Conformément à son modèle de six minutes, Turbo Kid se déroule dans un futur post-apocalyptique qu’une voix off situe en 1997. Cette aberration chronologique s’appréhende comme un hommage à tous les sous-Mad Max 2 conçus dans les années 80 qui envisageaient leur monde futuriste dix ou quinze ans plus tard. La date choisie n’est sans doute pas un hasard, puisque c’est celle du légendaire Escape from New York de John Carpenter. De fait, Turbo Kid accumule dès son entame les hommages répétés à la culture populaire et aux objets emblématiques des eighties, du rubik’s cube au walkman en passant par les cassettes audio, les VHS, le viewmaster et le tube « Thunder in Your Heart » de John Farnham qui accompagne le générique de début. La musique synthétique composée par le duo Le Matos (Jean-Philippe Bernier et Jean-Nicolas Leupi) renforce la référence. Passionné par les bandes dessinées consacrées à un super-héros baptisé Turbo Rider (une sorte de mixage entre X-Or et les Power Rangers), un adolescent solitaire (Munro Chambers) survit à l’hiver nucléaire en échangeant contre un peu d’eau les objets qu’il trouve dans les ruines des Terres Désolées. A peine a-t-il le temps de rencontrer et de s’attacher à une jeune fille exubérante surgie de nulle part, Apple (Laurence Lebœuf), que celle-ci est kidnappée par les sbires du maléfique Zeus (Michael Ironside) qui règne en tyran sur cette partie du monde. Le garçon affronte alors ses peurs et fait équipe avec le cowboy dur à cuire Frederick (Aaron Jeffery) pour tenter de devenir un héros…
Retour vers le futur
La tonalité de Turbo Kid n’est pas simple à cerner. Si le héros ado, sa passion pour les comics et le costume de super-héros semblent conçus pour un tout jeune public, les nombreux débordements sanglants et ultra-gore contredisent cette impression première.
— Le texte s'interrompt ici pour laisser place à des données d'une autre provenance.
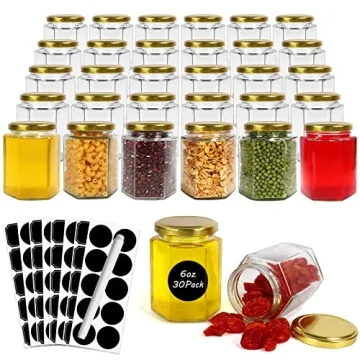 Betrome 30 Pack 6oz Hexagon Glass Jars with Gold Lids, 180ml Clear Glass Canning Jars Honey Jars Spi...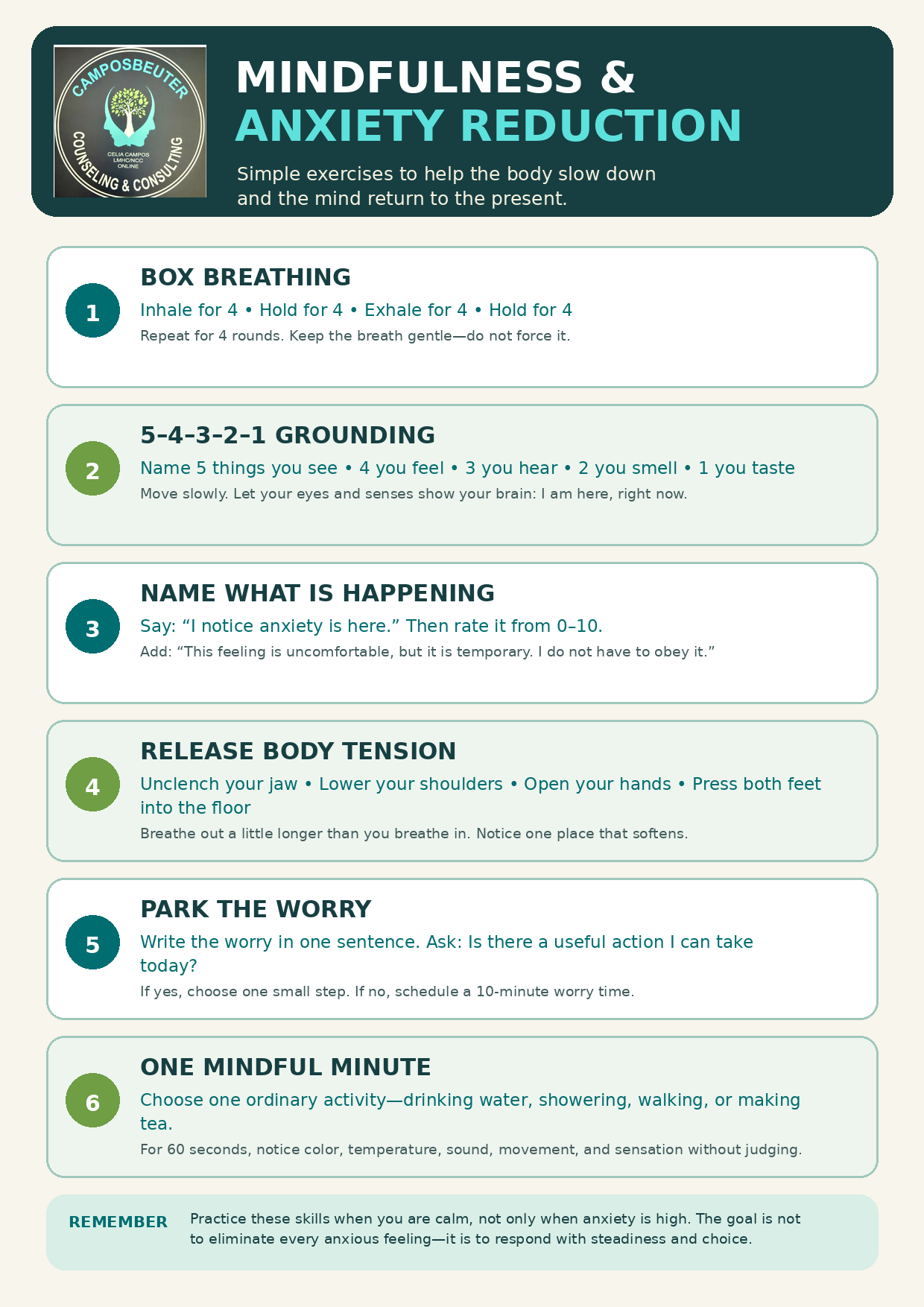 Mindfulness and anxiety reduction exercises infographic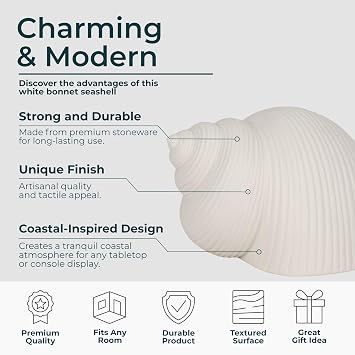 Coastal Ceramic Figurine for Home, Bathroom, Office, and Room Decor - Seashell Inspired Ornament for Living Room Styling - Modern Sculpture for Shelf and Coffee Table Display- 4, White
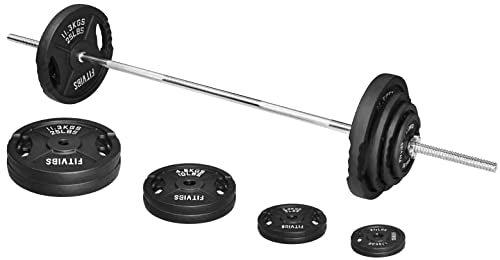 Cast Iron Weight Plates Set with 5FT Barbell, 95-Pound A28274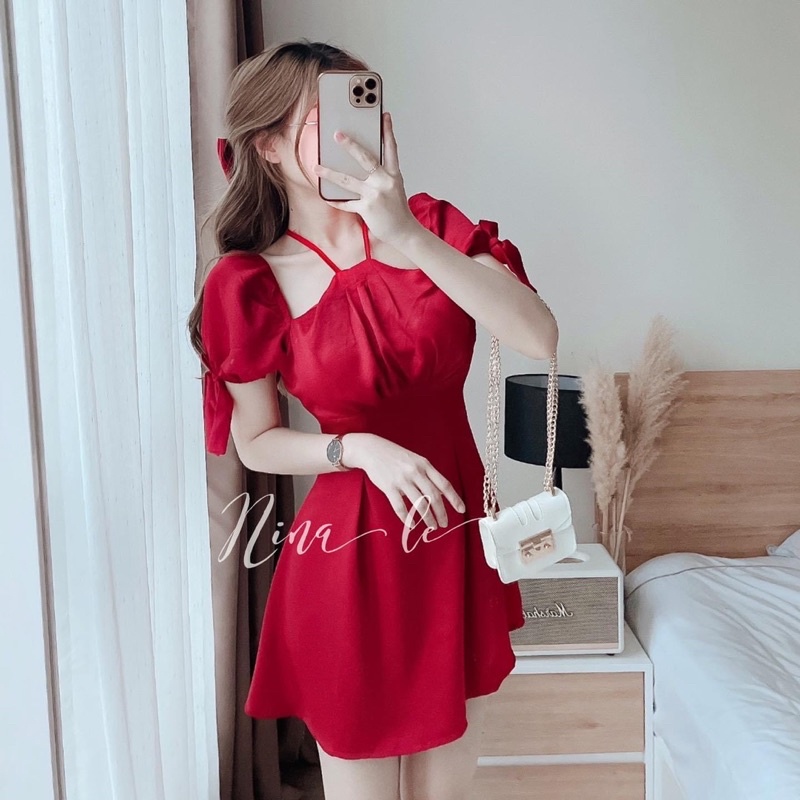 ĐẦM ĐỎ CỔ YẾM TAY BỒNG NƠ
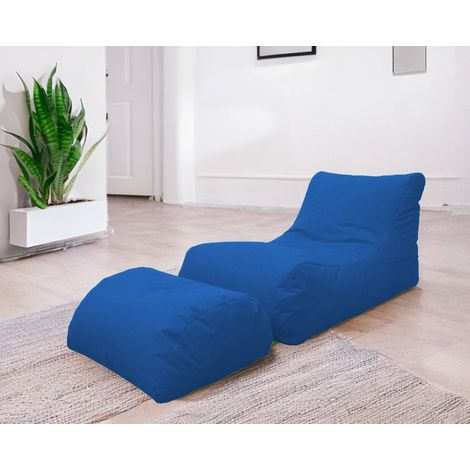 Dmora Chaise longue de salon moderne, Made in Italy, Fauteuil avec repose-pieds en nylon, Pouf rembourré pour chambre, 120x80h60 cm, Couleur bleu (1/2)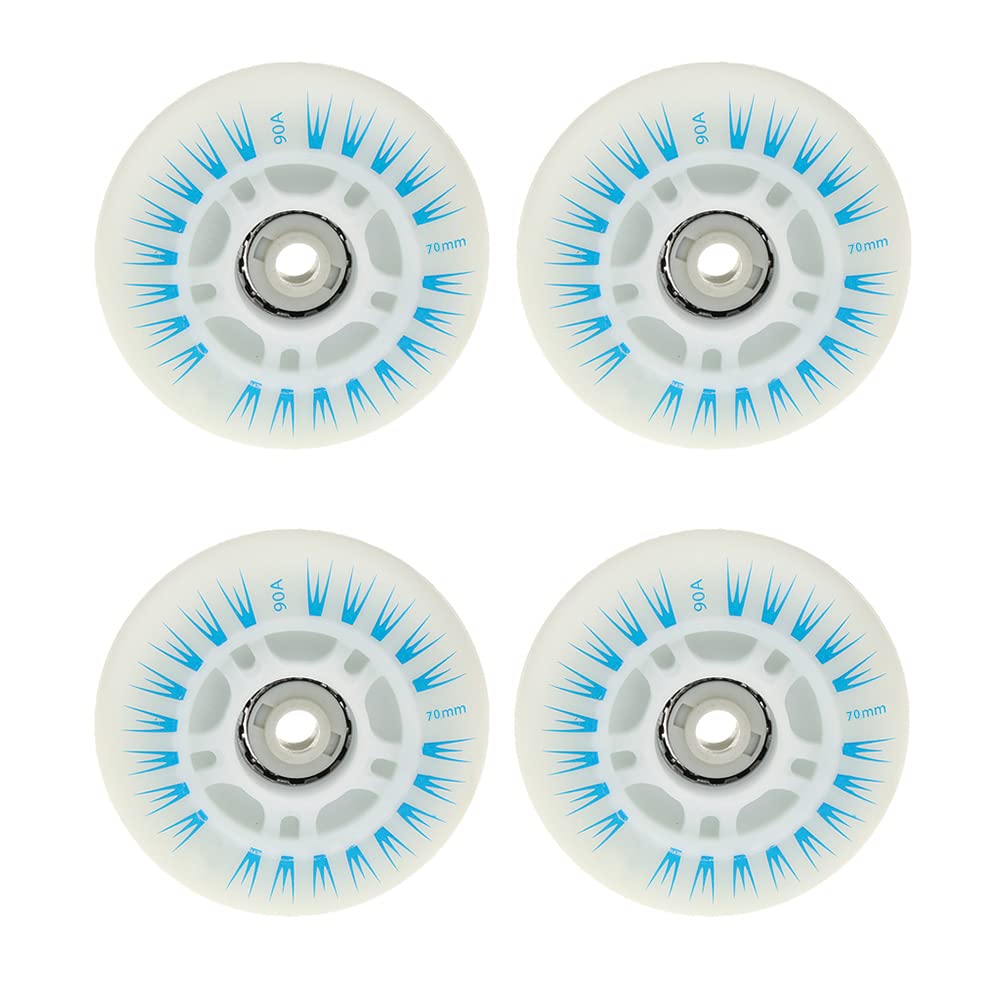 CENPEK 4 pieces Inline Roller Skate Wheels with Led, Durable Luminous Bright Wheels for Sliding, 70mm, Blue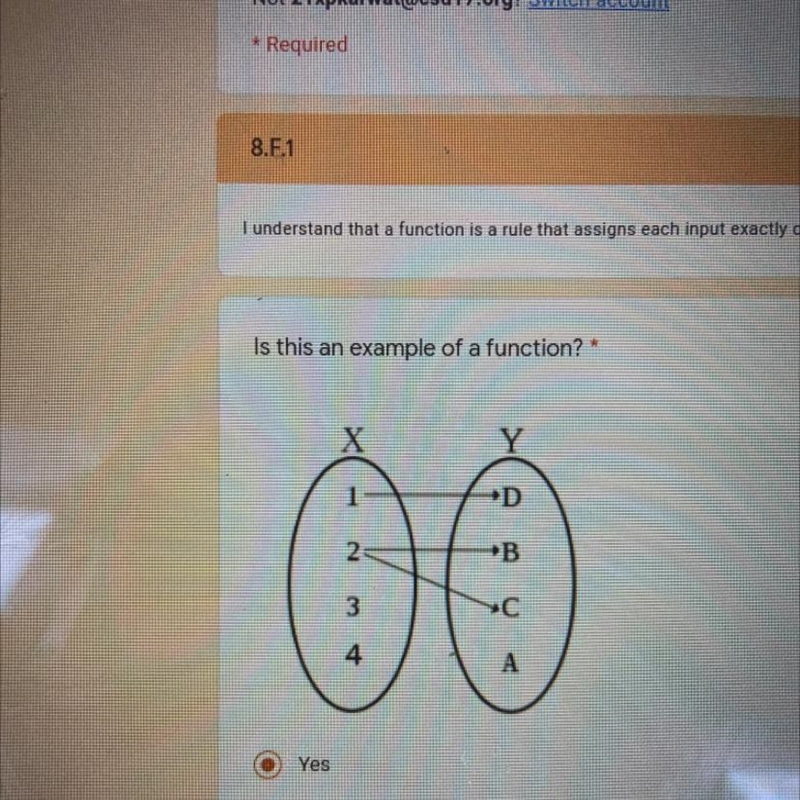 Is this an example of a function? Yes or no?-example-1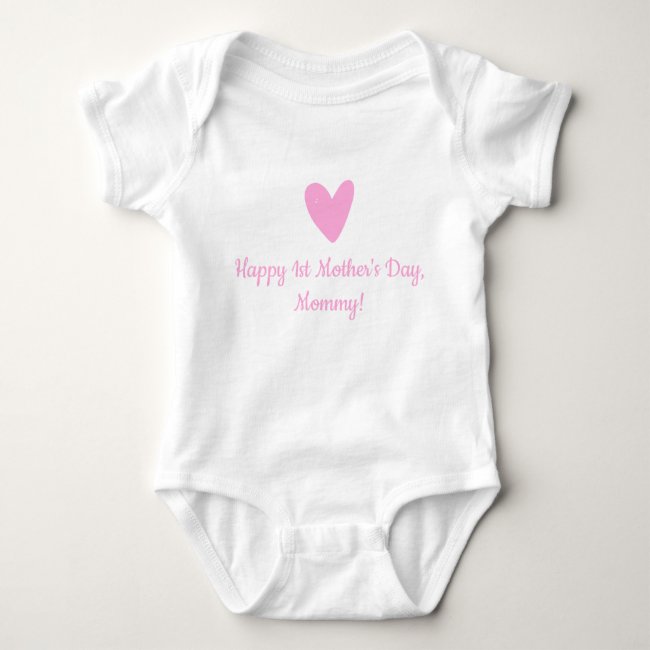 Happy 1st Mother's Day | Cute Pink Heart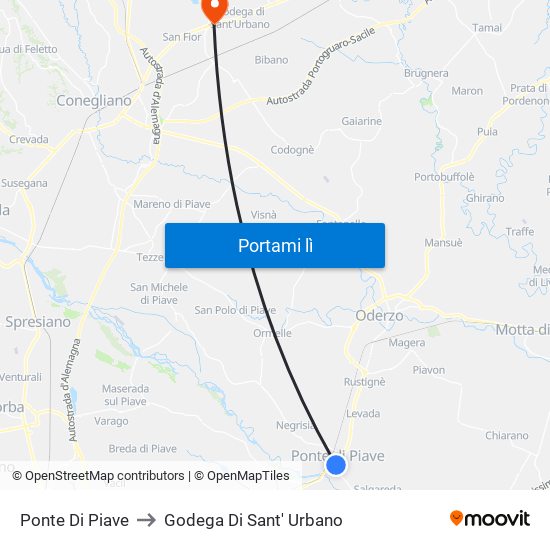 Ponte Di Piave to Godega Di Sant' Urbano map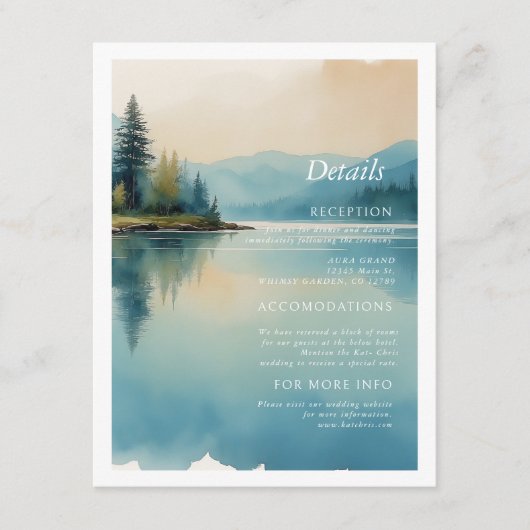 Schilderachtig Waterverf Pijnbomen en meer details Informatiekaartje (Voorkant)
Tout commence par quelques visions macabres héritées des nombreux « post-apo » italiens (têtes coupées plantées sur des pics, cadavres desséchés dans les voitures rouillées) mais les choses dégénèrent rapidement pour muer chaque combat en foire à la tripaille : mains tranchées, têtes hachées, corps qui explosent, intestin extirpé d’un abdomen, belligérants découpés en morceaux… Tous ces excès sont bien sûr à prendre au second degré, dans la droite lignée de ceux d’un Braindead ou d’un Machine Girl, mais tout de même ! A ce grand écart inattendu s’ajoutent de nombreux clins d’œil directement destinés à la génération de ceux qui furent teenagers dans les années 80, les looks de la faune de Turbo Kid semblant parfois échappés de Mad Max 2, Indiana Jones et le temple maudit, Les Aventures de Jack Burton, Les Gladiateurs du futur ou Les Guerriers du Bronx pour n’en citer qu’une poignée. Ultra-généreux jusque dans ses maladresses, ce premier long-métrage a l’habilité de tirer parti de son manque de moyens pour en faire une force, muant un terrain vague en univers futuriste ravagé et remplaçant les habituelles poursuites automobiles par des courses à vélo, ce qui poussera le magazine « Wired » à définir le film comme un « Mad Max en BMX ».